Article first published online: 23 JUN 2009
© 2009 Wiley Periodicals, Inc.
The Journal of Clinical Hypertension
Volume 11, Issue 9, pages 466–474, September 2009
How to Cite
Grimm, R. H., Davis, B. R., Piller, L. B., Cutler, J. A., Margolis, K. L., Barzilay, J., Dart, R. A., Graumlich, J. F., Murden, R. A., Randall, O. S. and for the ALLHAT Collaborative Research Group (2009), Heart Failure in ALLHAT: Did Blood Pressure Medication at Study Entry Influence Outcome?. The Journal of Clinical Hypertension, 11: 466–474. doi: 10.1111/j.1751-7176.2009.00149.x
- Issue published online: 9 SEP 2009
- Article first published online: 23 JUN 2009
- Manuscript received April 24, 2009; accepted May 28, 2009
Lower heart failure (HF) rates in individuals taking chlorthalidone vs amlodipine, lisinopril, or doxazosin were unanticipated in the Antihypertensive and Lipid-Lowering Treatment to Prevent Heart Attack Trial (ALLHAT). HF differences appeared early, leading to questions about the possible influence of pre-enrollment antihypertensive drugs. A post hoc study evaluated hospitalized HF events. During year 1479 individuals had HF, with pre-entry antihypertensive medication data obtained on 301 patients (63%). Case-only analysis examined interactive effects (interaction odds ratio [OR, ratio of ORs]) of previous medication and ALLHAT treatment on HF outcomes, eg, did treatment effect differ by pre-entry antihypertensive class? Among cases, 39%, 37%, 17%, and 47% were taking pre-entry diuretics, angiotensin-converting enzyme inhibitors, β-blockers, and calcium channel blockers, respectively.
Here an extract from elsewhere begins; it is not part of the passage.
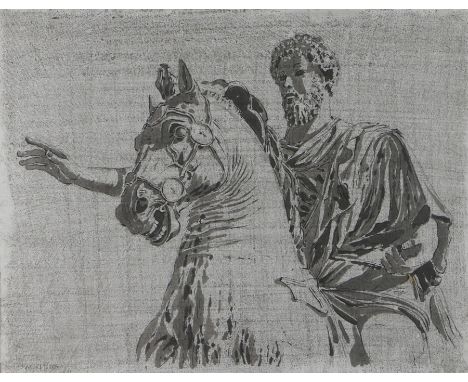 Sigmund Pollitzer (British, 1913-1982) Detail of the Statue of Marcus Aurelius, Rome, signed and dated 71, pen and wash, 68cm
Interaction OR for year 1 HF for amlodipine vs chlorthalidone for patients taking vs not taking diuretics pre-entry was 1.08 (95% confidence interval [CI], 0.53–2.21; P=.83); for lisinopril vs chlorthalidone, 1.33 (95% CI, 0.65–2.74; P=.44); and for doxazosin vs chlorthalidone, 1.13 (95% CI, 0.57–2.25; P=.73). Controlling for other pre-entry antihypertensives yielded similar results. There was no significant evidence that pre-entry drug type explained observed hospitalized HF differences by ALLHAT treatment.